___ Entries supplied

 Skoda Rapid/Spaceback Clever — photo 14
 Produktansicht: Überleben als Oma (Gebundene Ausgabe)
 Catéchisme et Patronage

______
___ Entries supplied

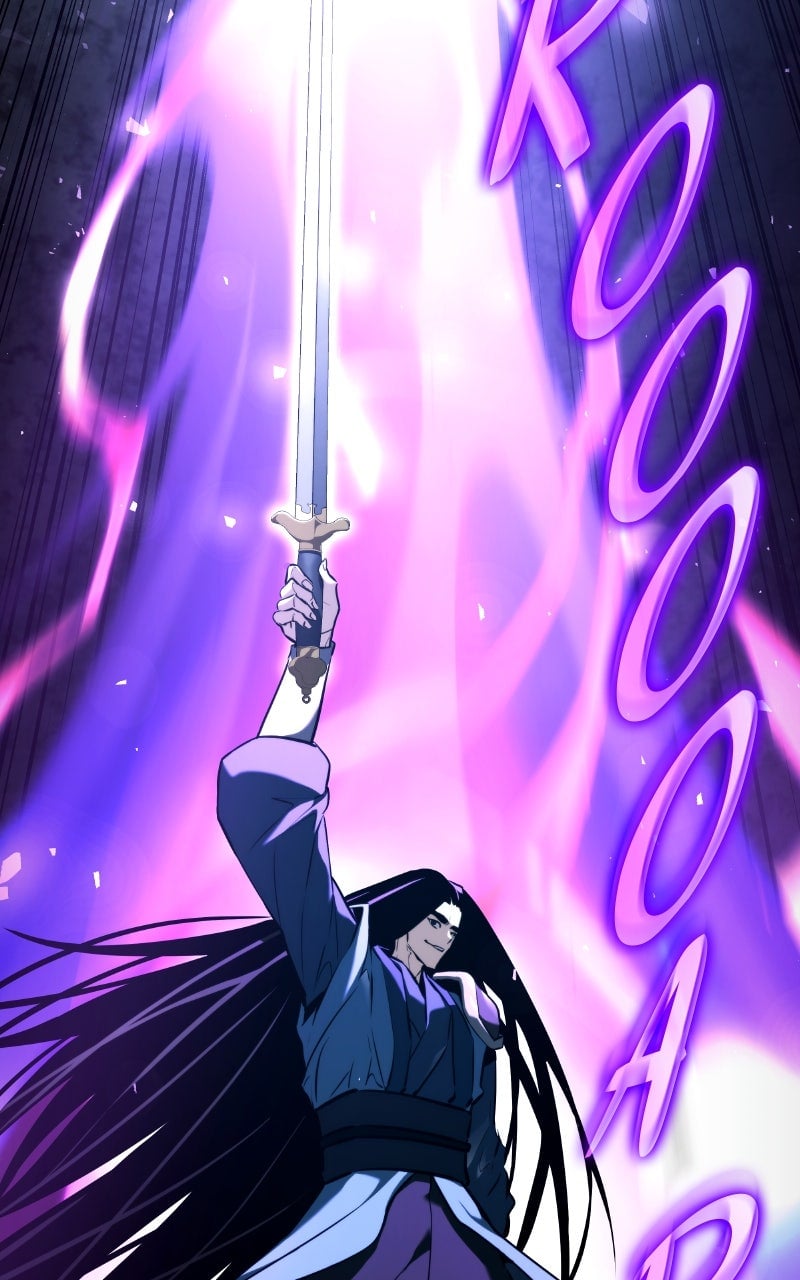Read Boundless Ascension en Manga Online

______
___ Entries supplied

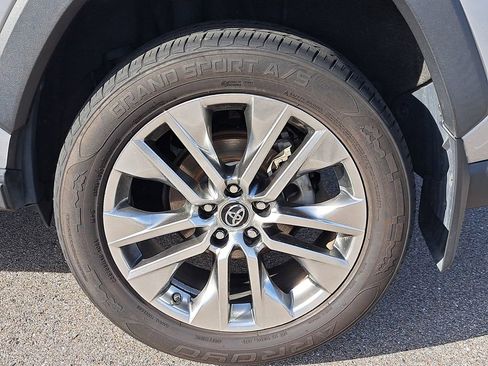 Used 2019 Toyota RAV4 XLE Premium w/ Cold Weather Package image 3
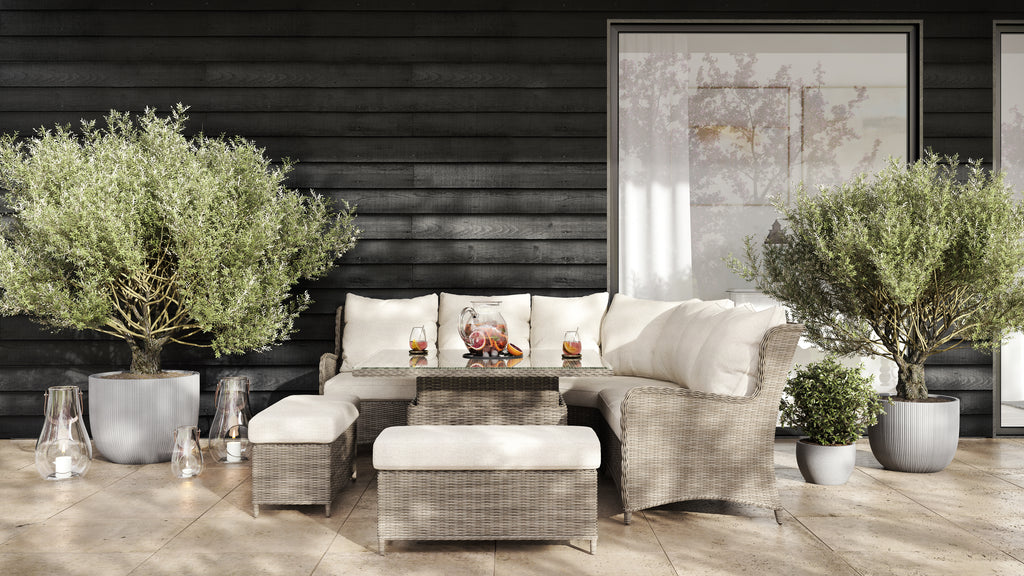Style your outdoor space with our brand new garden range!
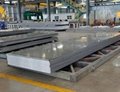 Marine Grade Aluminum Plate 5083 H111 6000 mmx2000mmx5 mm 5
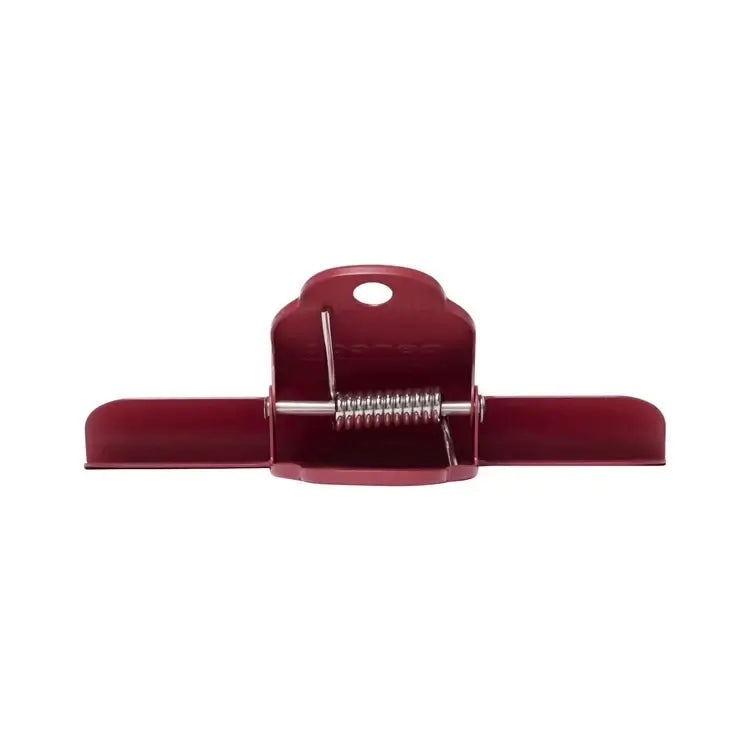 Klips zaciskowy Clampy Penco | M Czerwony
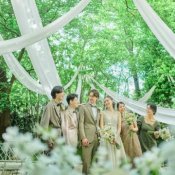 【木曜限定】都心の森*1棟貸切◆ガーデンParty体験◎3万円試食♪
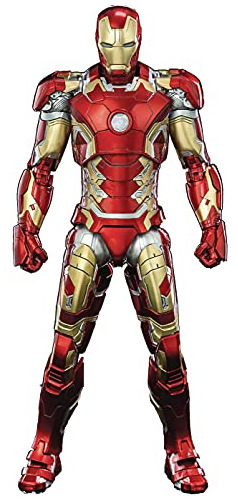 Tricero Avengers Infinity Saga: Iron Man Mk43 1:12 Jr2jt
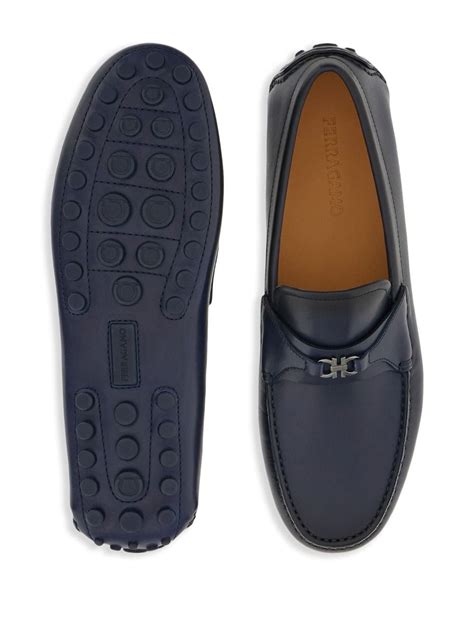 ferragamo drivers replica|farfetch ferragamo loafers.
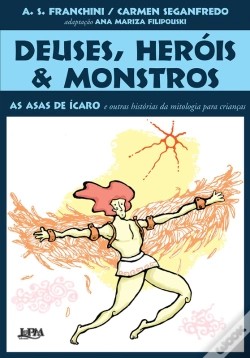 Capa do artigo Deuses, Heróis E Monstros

______

(The task) Given the records above, return the lines starting at the one that holds "Marine Grade Aluminum" and ending at the one that holds "Capa do artigo Deuses, Heróis E Monstros", exactly, and nothing besides; leave every picture out.

(Response to this exercise)
 Marine Grade Aluminum Plate 5083 H111 6000 mmx2000mmx5 mm 5
 Klips zaciskowy Clampy Penco | M Czerwony
 【木曜限定】都心の森*1棟貸切◆ガーデンParty体験◎3万円試食♪
 Tricero Avengers Infinity Saga: Iron Man Mk43 1:12 Jr2jt
 ferragamo drivers replica|farfetch ferragamo loafers.
 Capa do artigo Deuses, Heróis E Monstros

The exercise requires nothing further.